To ISPs: Expand in business segment or die in consumer space

To ISPs: Expand in business segment or die in consumer space

“The worst possible position is being stuck in fixed consumer without any differentiator,” according to Ovum research director, David Kennedy.

ISPs need to target the business and mobile segment as the fixed-line consumer category becomes increasingly less profitable, according to Ovum research director and telco analyst, David Kennedy.

As broadband penetration reaches saturation point, the consumer fixed-line space is rapidly being commoditised and becoming less profitable. Margins are thinning and price wars between ISPs are not sustainable.

This trend is being accelerated by the National Broadband Network (NBN).

Thinning margins and profitability means less cashflow for ISPs to invest back into infrastructure. ISPs need to differentiate themselves and that means putting more effort into business and mobile segments.

“The worst possible position is being stuck in fixed consumer without any differentiator,” Kennedy told ARN. “That’s to be trapped in a low margin market where you don’t have free cashflow for investment and you can’t get out.

“That’s the Kill Box, which in military terms is a place subject to heavy fire – it’s where you go to die and that is what fixed broadband access will be like in five years time.”

Telstra and Optus have both made significant investments into technology such as machine-to-machine (M2M) communications as well as Cloud computing which targets business customers.

iiNet recently made a big push with its Business unit, reigniting its channel commitment to help gain marketshare in the business segment. The third largest ISP in Australia, TPG, has a strong presence in consumer but not so much in business and mobile.

Don't dwell

While Australia is dominated by small businesses, Kennedy advises against ISPs dwelling in this space.
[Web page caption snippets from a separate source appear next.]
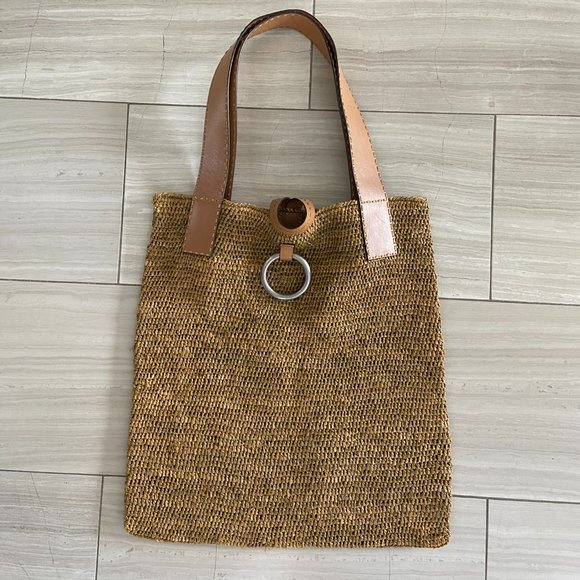 Michael Kors Straw Tote - brown - Picture 1 of 1
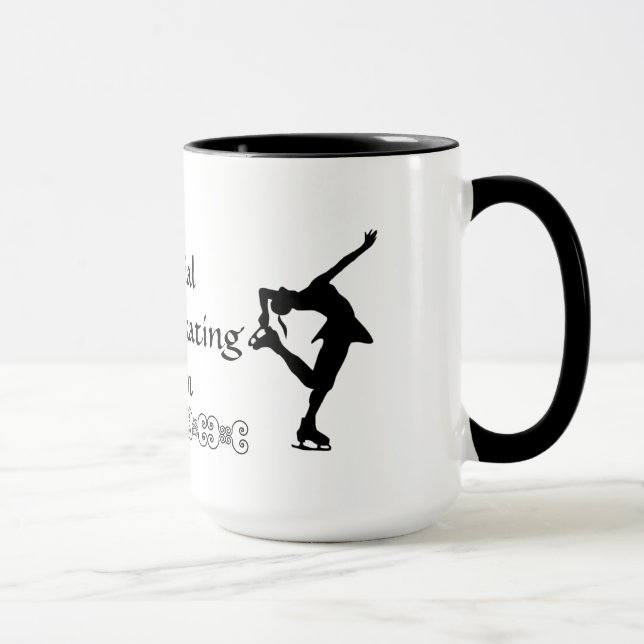 Zahl Skater-Tasse - MAMA Tasse (Rechts)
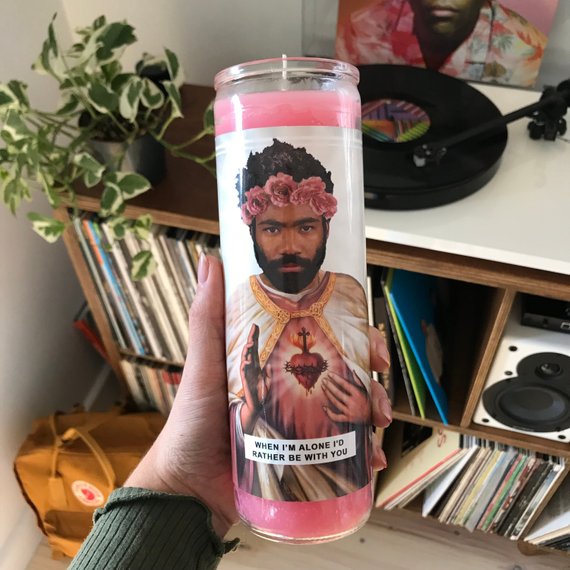 Saint Childish Gambino | Donald Glover Prayer Candle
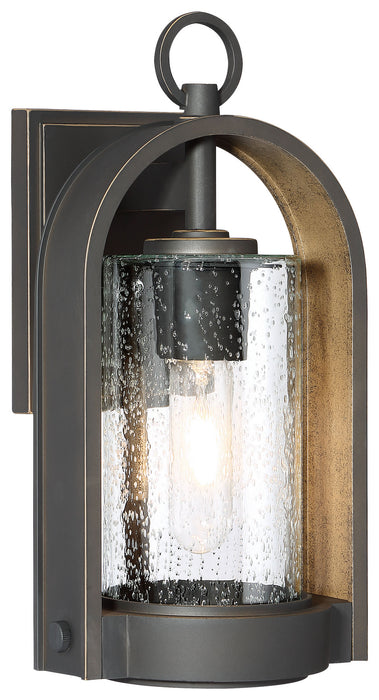 Minka-Lavery 72451-143C One Light Outdoor Wall Mount, Oil Rubbed Bronze W/ Gold High
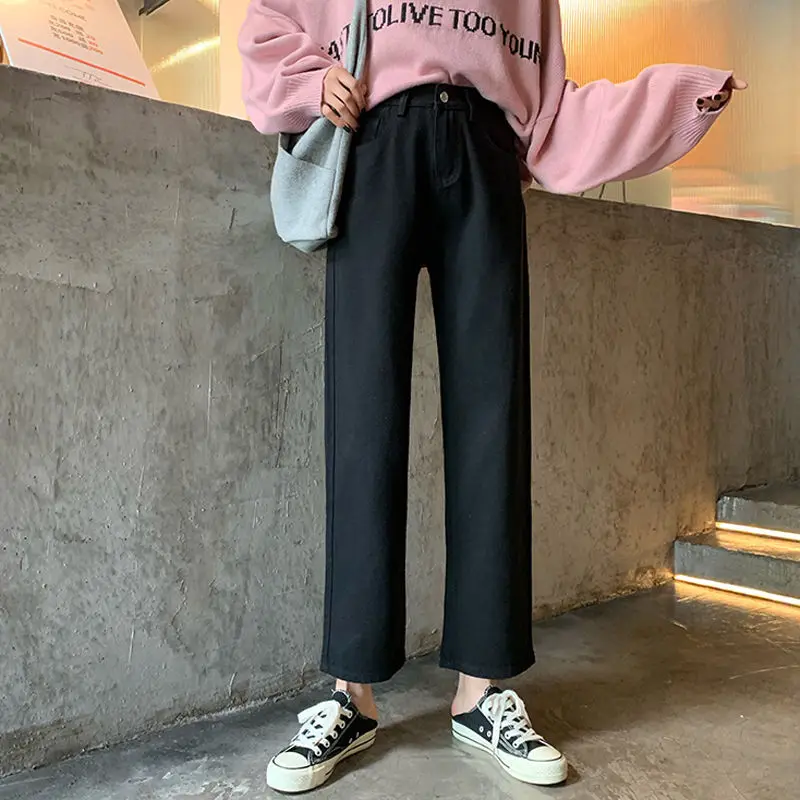 Джинсы женские модные брюки до щиколотки универсальные Популярные для отдыха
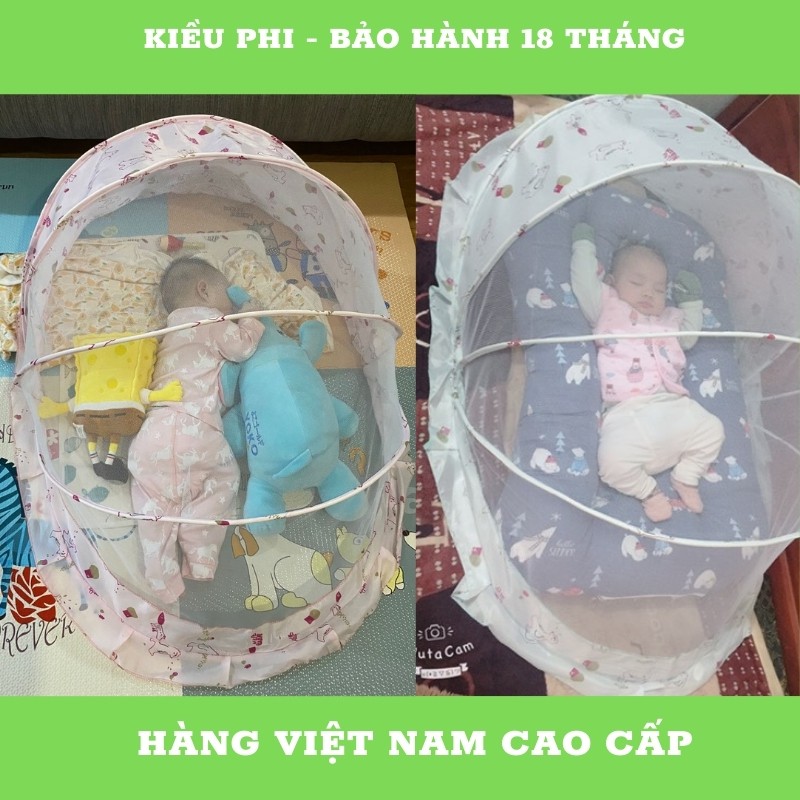 Màn chụp gấp gọn cho bé Kiều Phi - Mầu mùng chụp cho bé sơ sinh, bé lớn, trẻ em chống muỗi tuyệt đối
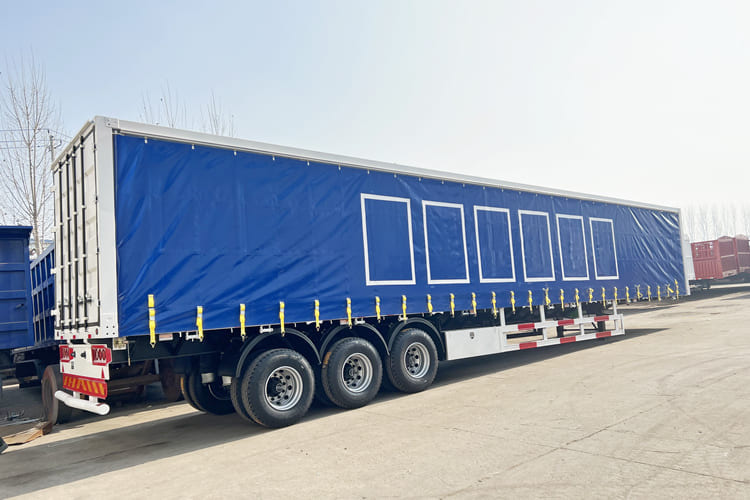 TITAN Curtainsider Trailer for Sale in Zambia - 侧帘半拖车:图1 TITAN Curtainsider Trailer for Sale in Zambia - 侧帘半拖车:图1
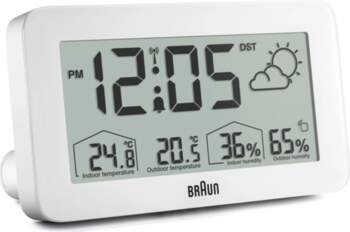 Braun BC13WP-DCF modinātājpulkstenis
“That segment has a lot of consumer characteristics,” he said. “What ISPs are going to need to get into are services that can support medium and large enterprises, possibly forming alliances with, for example, IT integrators.
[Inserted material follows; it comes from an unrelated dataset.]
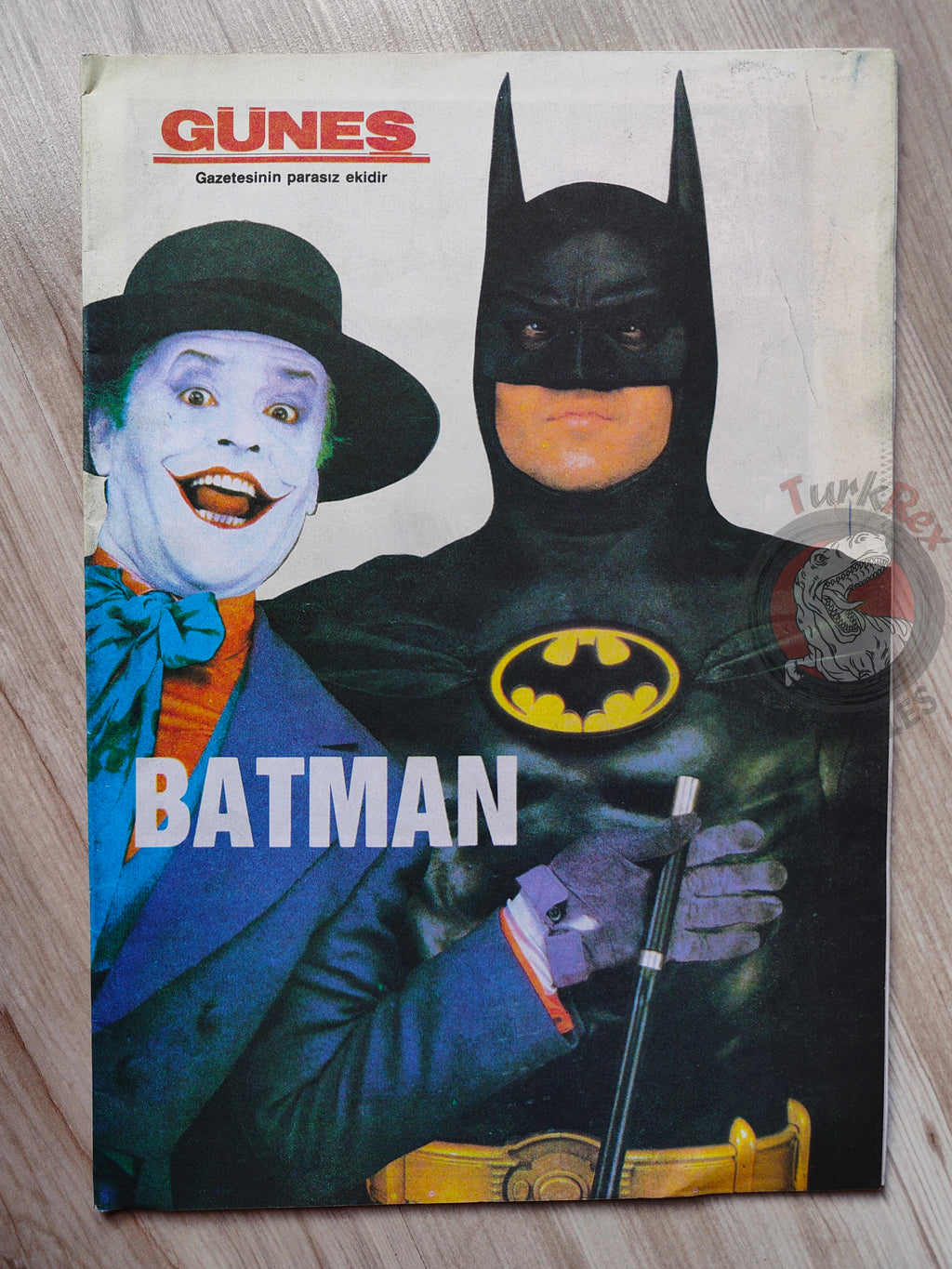 Batman The Official Comic Adaptation Issue #2 1989 Turkish Joker Newspaper Giveaway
“They may also want to build up Cloud infrastructure that can be used as resources for integrators to support SMB clients.”

In the future, ISPs will not just be competing against each other. Technology companies like Google, Apple, and Samsung may be eyeing out to opportunities to offer broadband offerings in Australia as well.

“NBN’s forced migration will mean high-speed broadband penetration rates will grow rapidly compared to other countries,” Kennedy said. “This will attract the likes of Google and Apple as this market will look like Nirvana to them – They will have very cheap entry on the fixed-line service side because they don’t have to build infrastructure.

“They can come in with device offerings in bundles and enter the retail market in a serious way.”

Australia could become a hotbed for dramatic disruptive change over the next few years, he said. Even big players may not be able to completely fend off new competitors from outside the traditional telco realm.

Too late for new ISP entrants

Last month, Internode managing director, Simon Hackett, spoke at the Communications Day Summit in Sydney and suggested it was too late for any new national ISPs to join the party thanks to the NBN.

Consolidation in the market has hit a wall and it will be near impossible for any new entrants to build enough scale to compete with the big four ISPs: Telstra, Optus, TPG, and iiNet.

Kennedy agreed with this view.

“What’s driving returns right now is scale – that is what counts for profitability,” he said. “We’ve reached a limit in terms of consolidation. What’s left is, perhaps, for iiNet and TPG to merge.”